In hindsight, it was never going to be a long-term solution to our seemingly endless transitional phase. I was hoping, though, that if I sacrificed enough – giving up the idea and the longing for a place to call our own, saving money and living well below our means – God would put us on the fast track to where it was we really wanted to be.
When we realized that His ways are so high above our ways and He was not falling for any of that, and how we had chosen to be on this long obedience in the same direction, we moved out of those two rooms and into a 3-bed apartment. After those three months, Asher sleeping somewhere other than a closet seemed downright luxurious!
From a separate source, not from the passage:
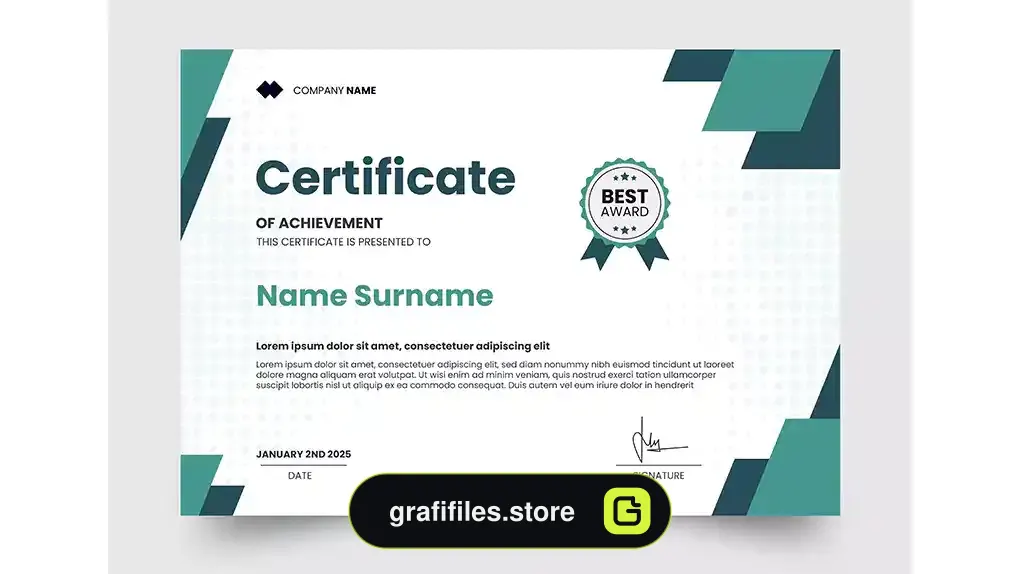 طرح لایه باز لوح تقدیر Simple and modern certificate design template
We had a dining room, an exterior brick wall (what I always wanted!), most of our belongings (my dining room table! Matt’s pots and pans!) moved out of storage, and anything we didn’t have was donated by friends and family members and strangers.
Our newest new home was filled to the brim with God’s provisions. We thought we’d be there 9 months. We moved out exactly two years later.
Today, I walk Asher into his own bedroom, dry him off after a bath. The children do their homework at the table in our eat-in kitchen. After three years without, we plant herbs and flowers in our backyard, put up an old barn for Asher to play in. We’ve traded coin-fed laundry machines for a washer and a dryer (a true luxury!) and a tiny utility closet. The hallway doors open to the sitting room, the sitting room doors into the makeshift office and playroom, the office doors open to the hallway, and the children run circles through the whole of the first floor, up the stairs, in and out of their bedrooms, hiding in wardrobes.
This house is not perfect. I hate honey-do lists, but we’ve got one with project after project laying in wait. I love the big kitchen, but dislike the green tiles, the warped laminate floors. Our bedroom is quite small and the en suite is a vicious yellow. I often forget to turn on the immersion water heater, so our infrequent bubble baths are frequently cold. A bird talks to us from high above our gas fireplace (not the wood-burning one Matt was hoping for), dropping seeds and other paraphernalia for me to hoover (vacuum) up.
And we are forever renters, so the many things we’d like to change, we may never change. As long as we’ve got a bucket of paint, we’re OK with that. Our landlord is kind and we have room for friends. We can lock our doors and open our windows. We have made a home in a closet, and now we make a home for us all to nest with room to grow.
No house will ever be perfect, but our home is, wherever we may find it. And we have a good one here, just like the one before it, and the one before that, and every other place we’ve ever laid our frazzled heads.